2017年に制定された「リジェネラティブ・オーガニック認証(ROC)」は、土壌の健康、動物福祉、社会的公平性という3つの柱を基準に掲げ、食品部門であるパタゴニア プロビジョンズやコットンなどの繊維調達では、この基準に基づいた自社の原材料を厳選し、認証取得を進めています。一方、パタゴニア日本支社では、認証を取得していない生産者や実践者たちにも敬意をもって目を向け、国内におけるRO農法の実践者の裾野を広げることに力を注いでいます。
今回のカンファレンスは、その理念を広く共有し、畑地システムにおけるRO農法の国内での可能性を探る場として開催されました。RO農法を一つの指針としながらも、認証取得という枠を超え、RO農法の実践が持つ多様なアプローチや課題について議論を交わし、それぞれの立場から未来を再びつくり上げるヒントを共有する場となりました。
第1部:RO農法の概念と基本原則
カンファレンスは3部で構成され、RO農法の実践者4件と研究者4人が自身の役割や経験をもとに挑戦と未来への展望を語りました。
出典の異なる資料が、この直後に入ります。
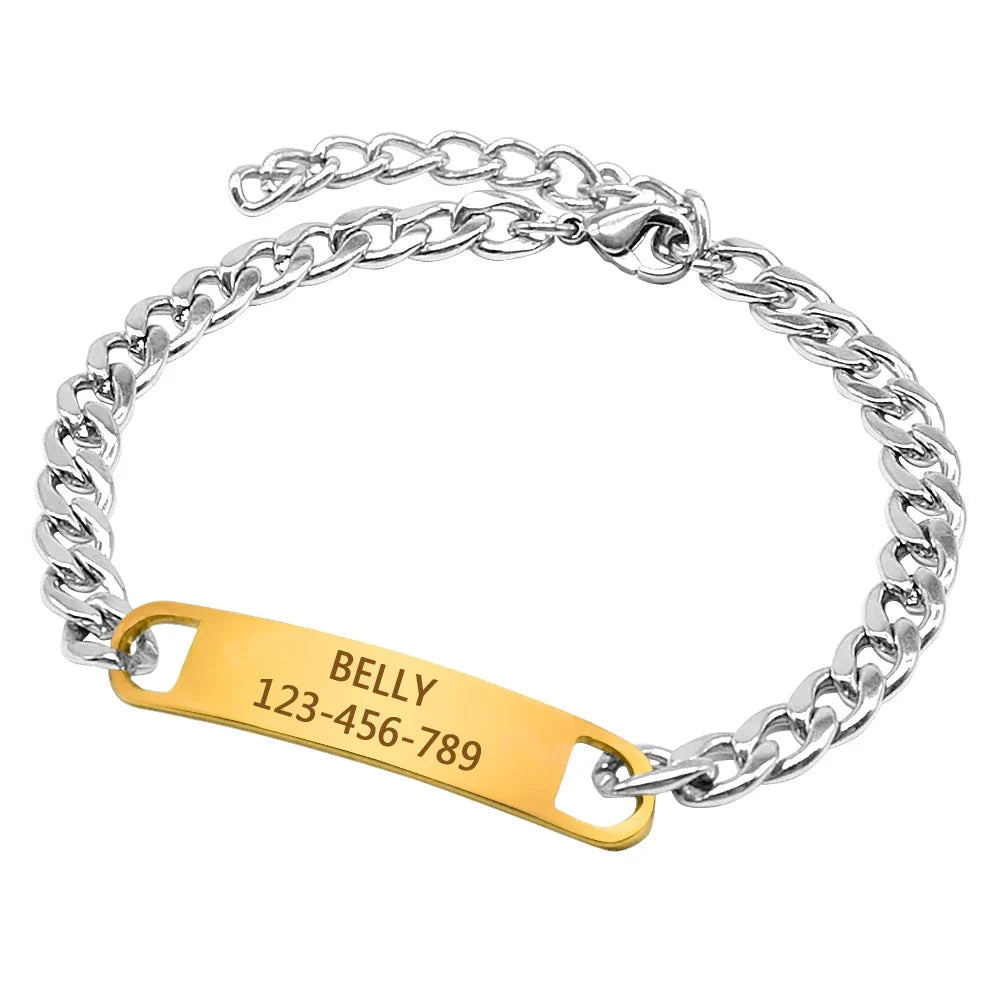 Personalized Cat & Dog Chain Collar – 3 Colors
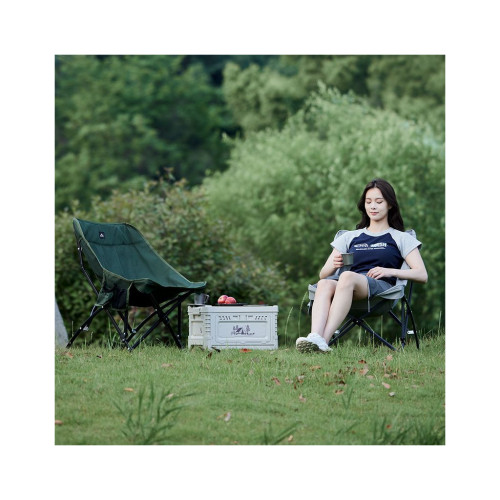 Кресло складное Naturehike CNK23JU0001 темно-зелене (6976023929724) – Naturehike (вид 1)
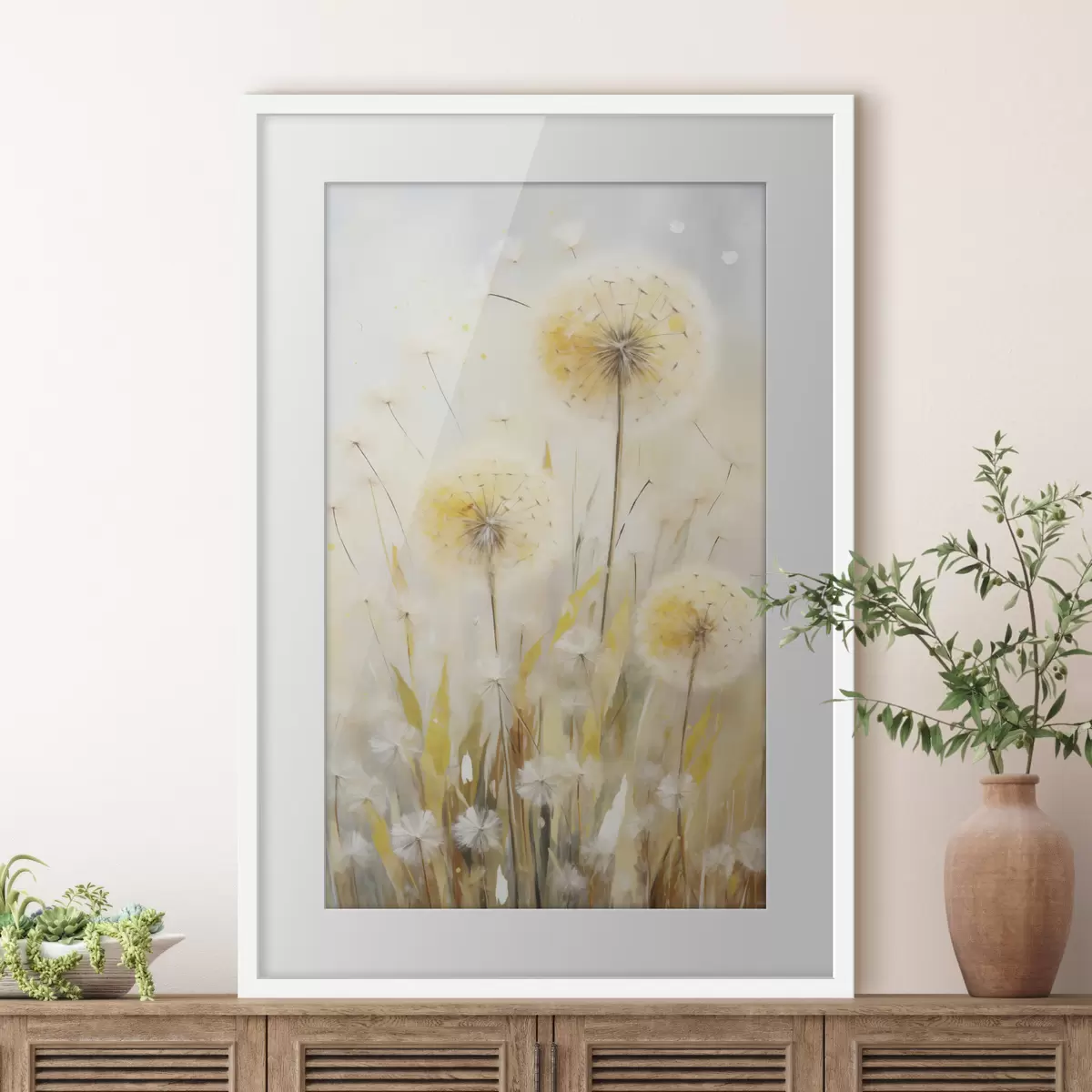 Plakat Võililled, imitatsioonmaal f49295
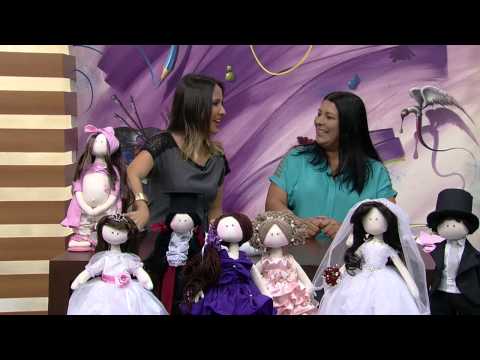 Mulher.com 22/05/2014 - Boneca Gravida por Silvia Torres parte 1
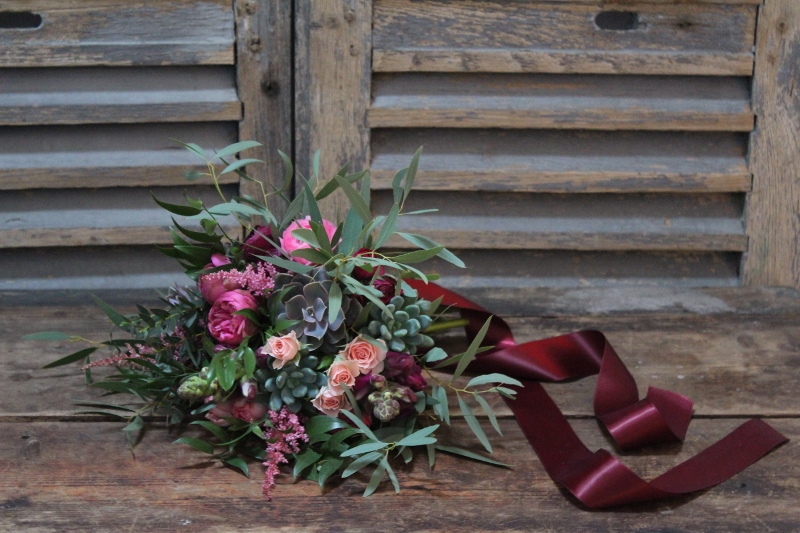 Bridal bouquet with succulents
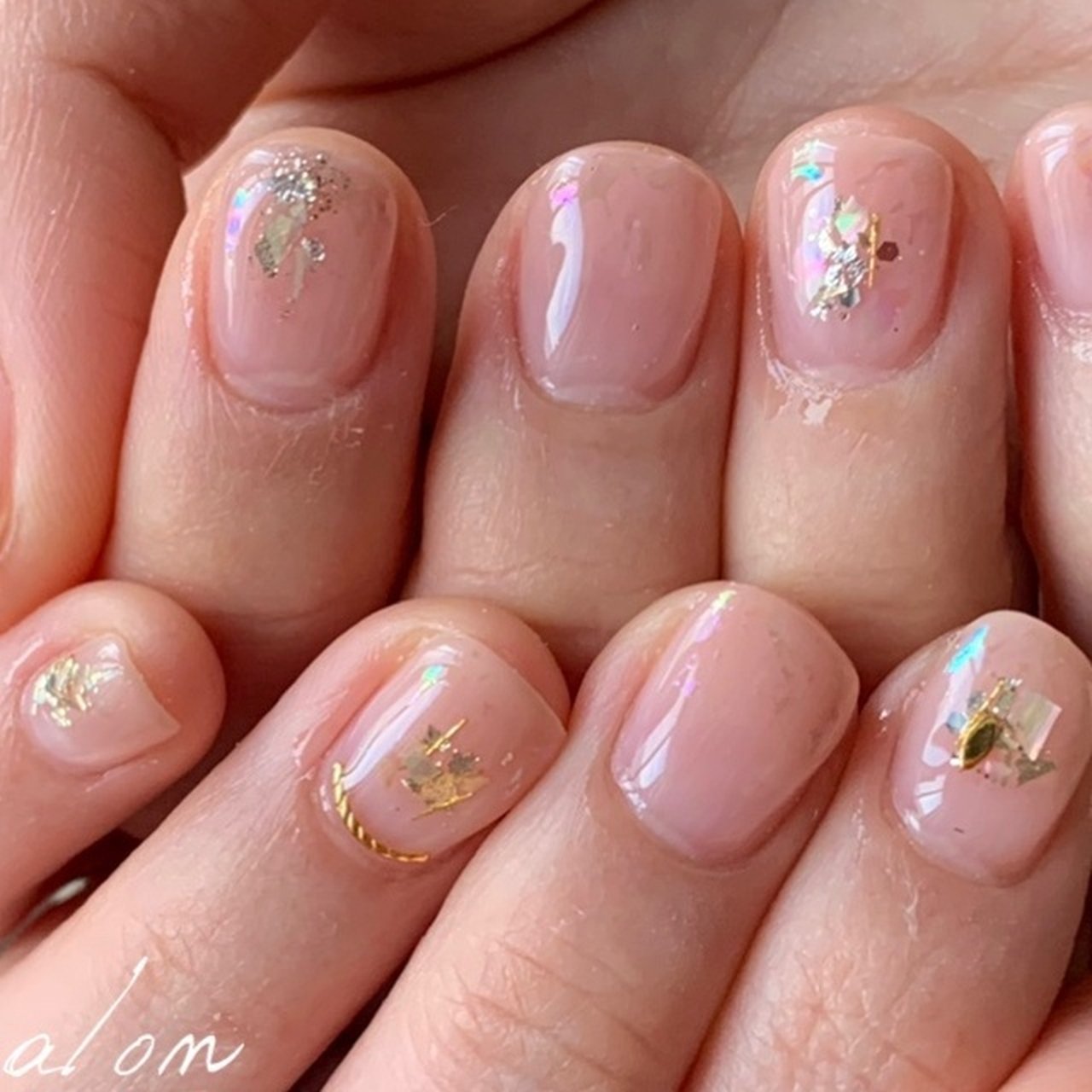 夏 オールシーズン オフィス ブライダル ハンド 札幌ネイルサロン Atelier Heureのネイルデザイン No ネイルブック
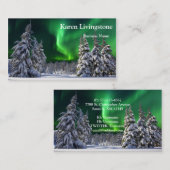 Carte De Visite Feux nordiques en hiver (Devant / Derrière)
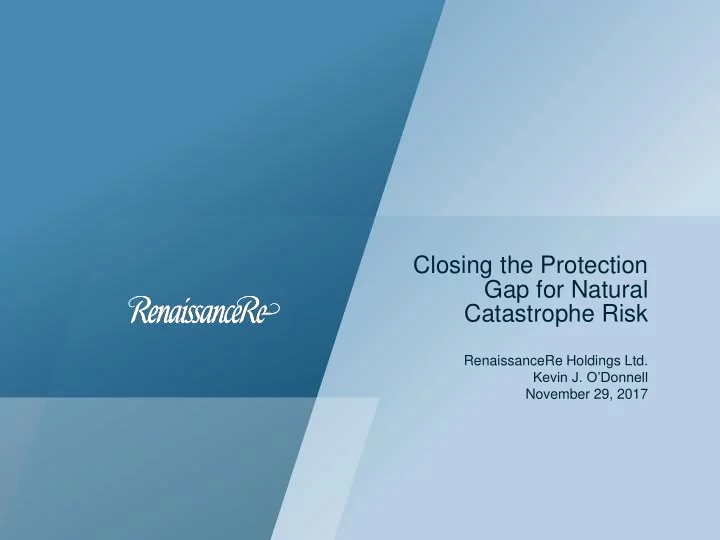 catastrophe risk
第1部では、パタゴニアが農食分野の課題と期待、そして畑地システムにおけるRO農法の実践コンセプトを整理し、RO農法が農業発展の具体的指針の一つであることを示しました。続いて福島大学の金子信博氏が講演し、土壌の健康向上には土壌生態系を豊かにする管理が重要であり、RO農法がその基本を網羅して合理的であると支持しました。また、「耕さない」「地面を植物で覆う」「輪作を行う」という3原則を同時に実践することの重要性を強調しました。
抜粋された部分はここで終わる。